● **Task details**
Only one stretch of the data should be retyped: the lines from the line containing "Кормление кроликов зимой" through the line containing "电竞主播内容差异化定位与个性化营销策略，". Keep pictures out of it.

● **Given records**
- - -
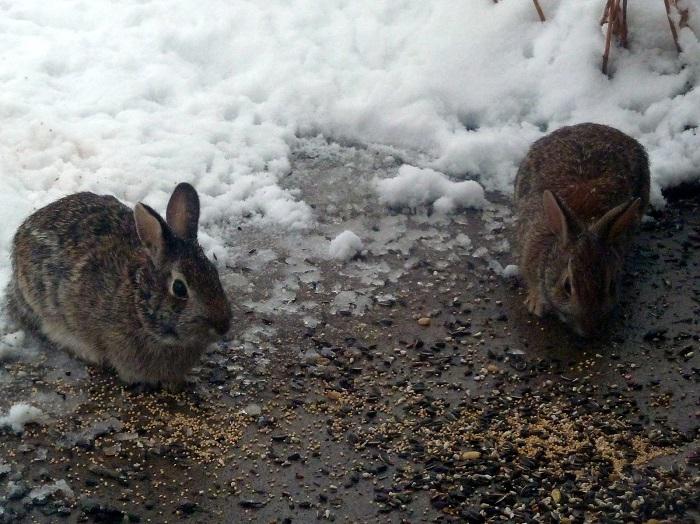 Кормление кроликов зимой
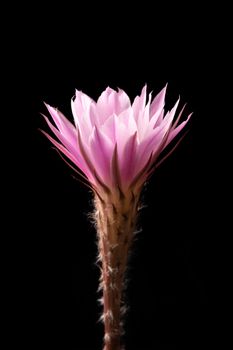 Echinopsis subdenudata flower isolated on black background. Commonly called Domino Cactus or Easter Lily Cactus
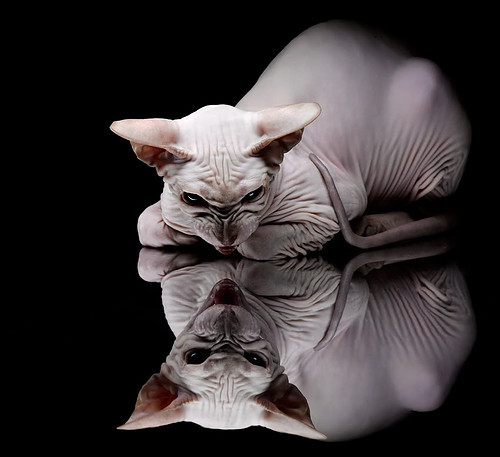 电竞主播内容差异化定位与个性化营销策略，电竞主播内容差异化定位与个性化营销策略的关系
- - -
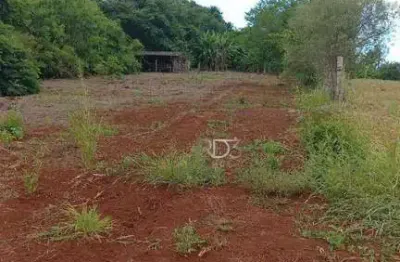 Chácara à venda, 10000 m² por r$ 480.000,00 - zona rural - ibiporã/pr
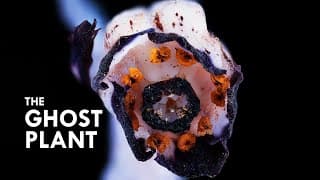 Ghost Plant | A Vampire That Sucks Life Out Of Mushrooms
- - -
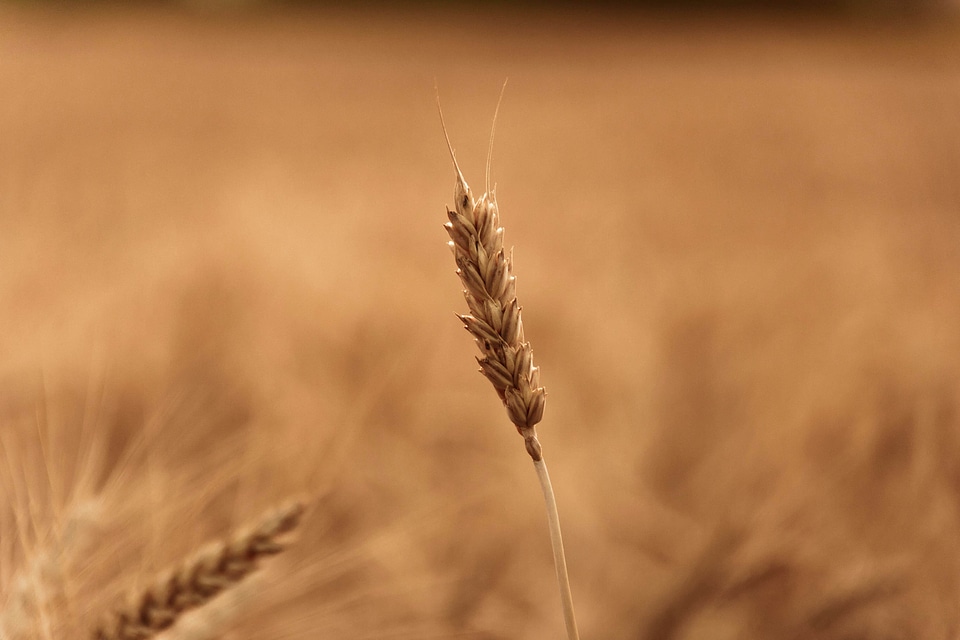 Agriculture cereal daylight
- - -
● **Response area**
 Кормление кроликов зимой
 Echinopsis subdenudata flower isolated on black background. Commonly called Domino Cactus or Easter Lily Cactus
 电竞主播内容差异化定位与个性化营销策略，电竞主播内容差异化定位与个性化营销策略的关系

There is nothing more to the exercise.